### Your assignment
Reproduce exactly, from the data that follows, the line with "Panoramic Dental X-ray-null-Framed", the line with "A patient, who", and every line that lies between them.

### Provided records
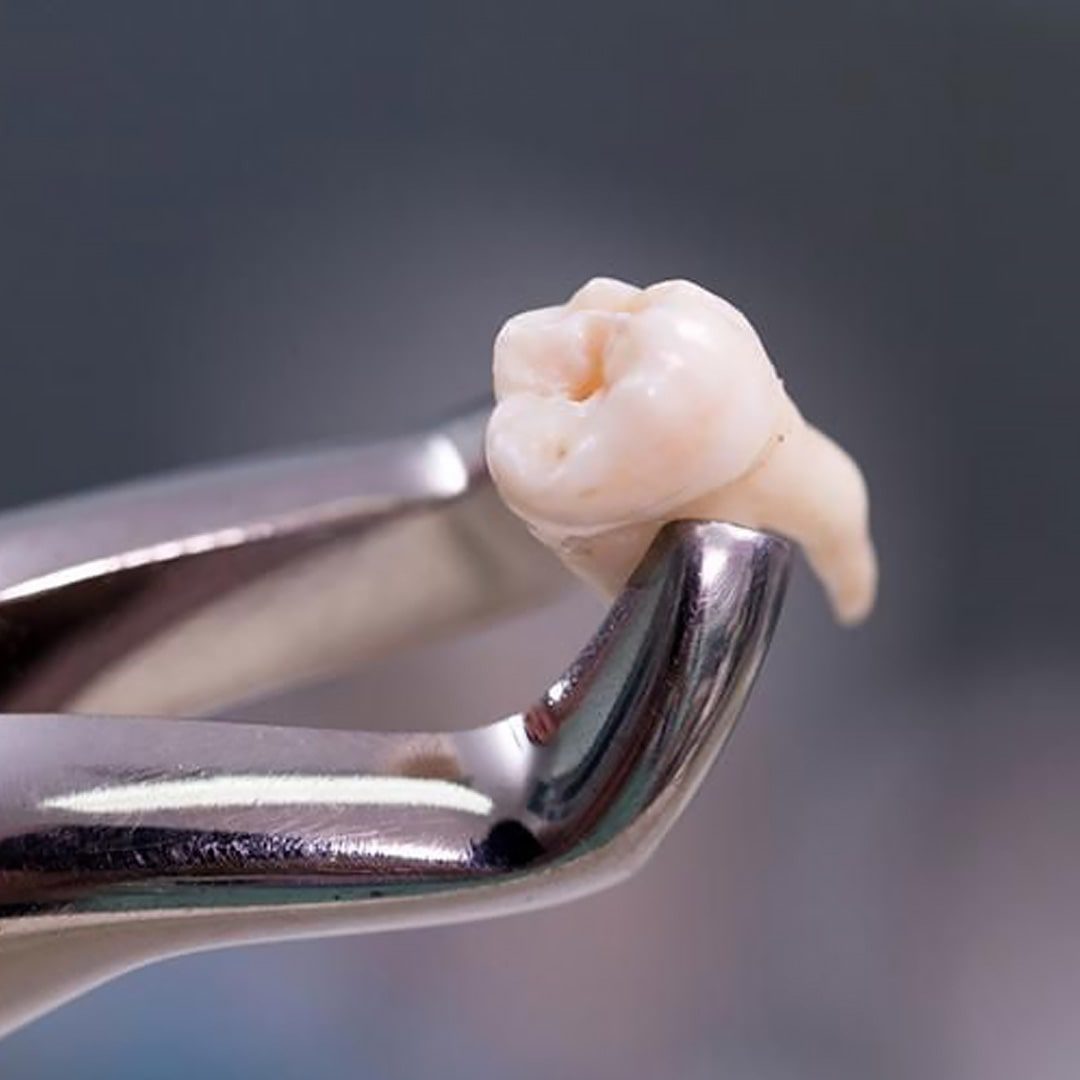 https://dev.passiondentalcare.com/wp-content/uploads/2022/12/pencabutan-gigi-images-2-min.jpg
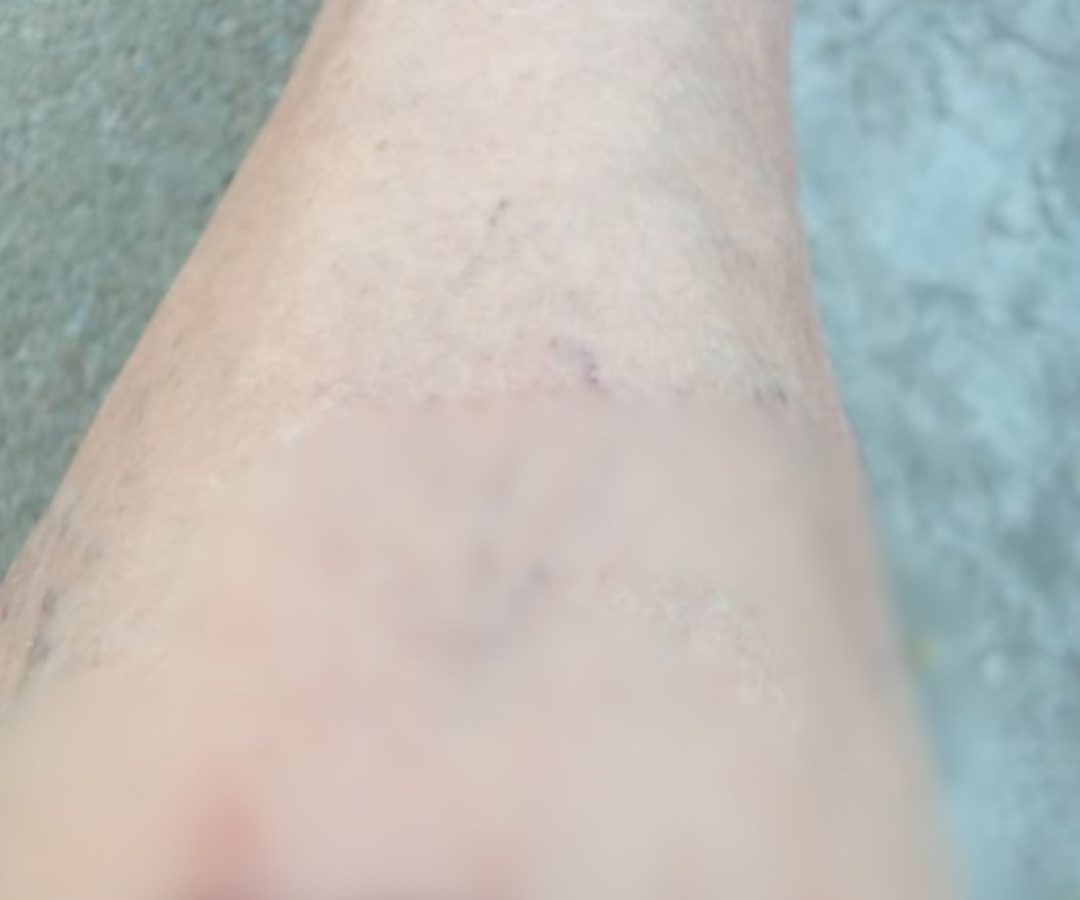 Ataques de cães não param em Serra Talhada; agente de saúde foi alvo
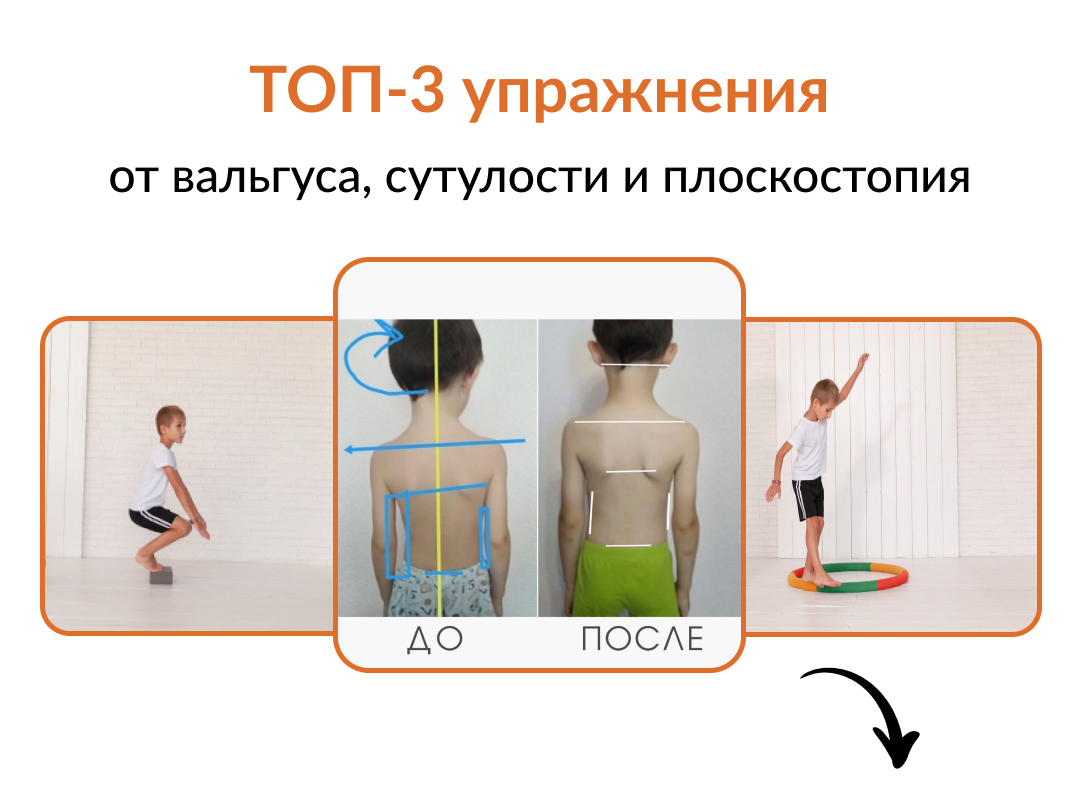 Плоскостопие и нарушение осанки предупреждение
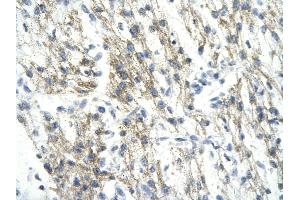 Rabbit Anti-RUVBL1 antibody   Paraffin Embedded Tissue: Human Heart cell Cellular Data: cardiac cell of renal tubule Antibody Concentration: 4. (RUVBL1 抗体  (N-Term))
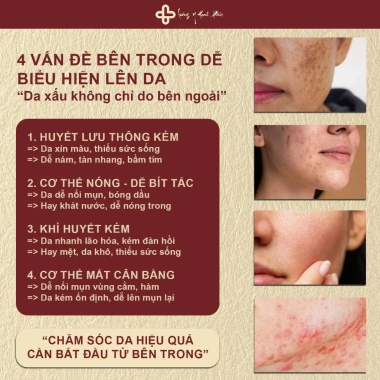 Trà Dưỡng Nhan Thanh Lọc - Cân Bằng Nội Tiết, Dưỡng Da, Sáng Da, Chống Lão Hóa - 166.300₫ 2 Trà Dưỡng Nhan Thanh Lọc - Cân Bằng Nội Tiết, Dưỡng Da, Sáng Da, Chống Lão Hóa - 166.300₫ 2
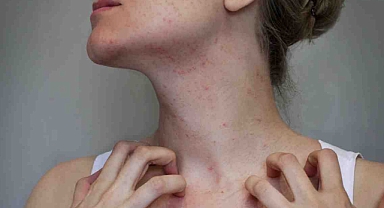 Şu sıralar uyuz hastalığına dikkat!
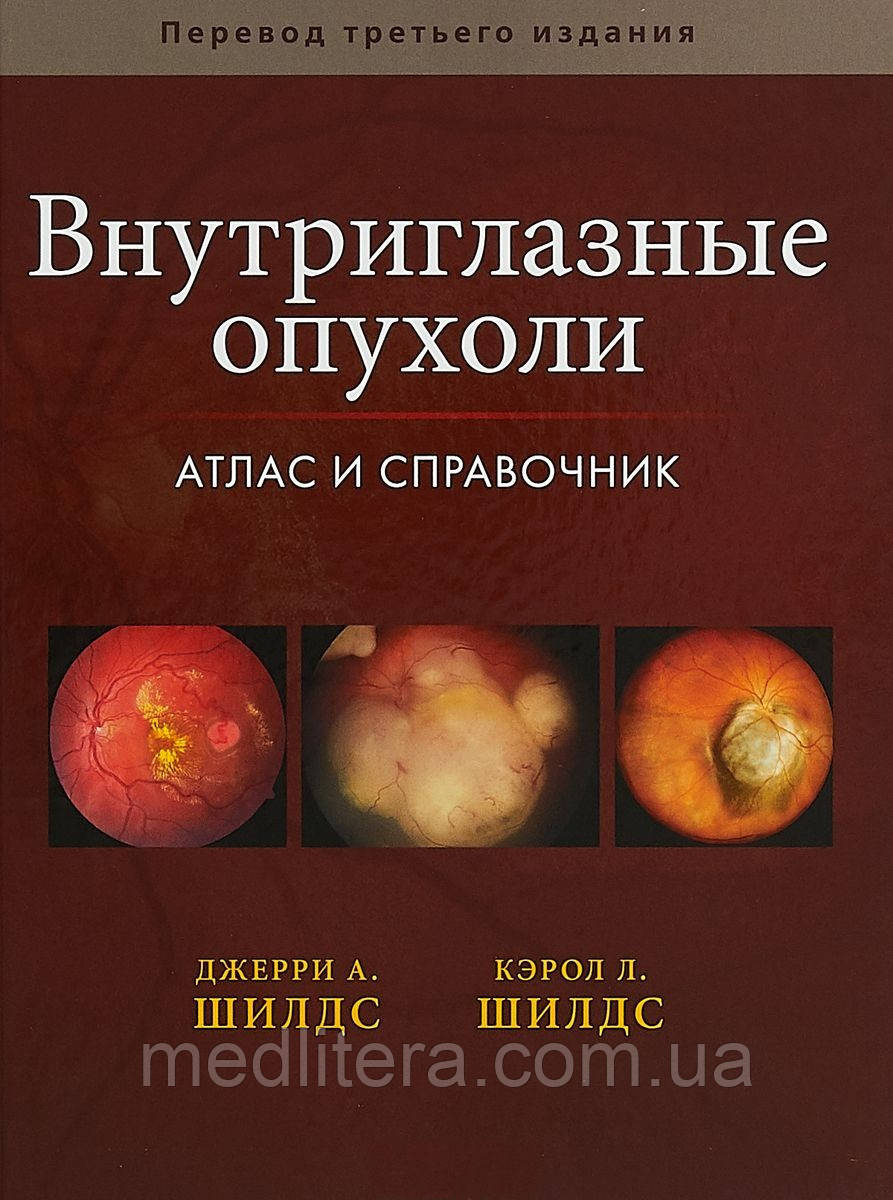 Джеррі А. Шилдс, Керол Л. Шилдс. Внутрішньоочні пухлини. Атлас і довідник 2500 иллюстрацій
...
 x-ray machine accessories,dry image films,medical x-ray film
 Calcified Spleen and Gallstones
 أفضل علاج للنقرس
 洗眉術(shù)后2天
---
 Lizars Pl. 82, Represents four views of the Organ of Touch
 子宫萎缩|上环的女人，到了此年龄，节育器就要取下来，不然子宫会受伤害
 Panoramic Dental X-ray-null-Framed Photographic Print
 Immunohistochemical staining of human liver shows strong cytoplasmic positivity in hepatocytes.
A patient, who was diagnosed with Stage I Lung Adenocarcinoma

### Result for this exercise
 Panoramic Dental X-ray-null-Framed Photographic Print
 Immunohistochemical staining of human liver shows strong cytoplasmic positivity in hepatocytes.
A patient, who was diagnosed with Stage I Lung Adenocarcinoma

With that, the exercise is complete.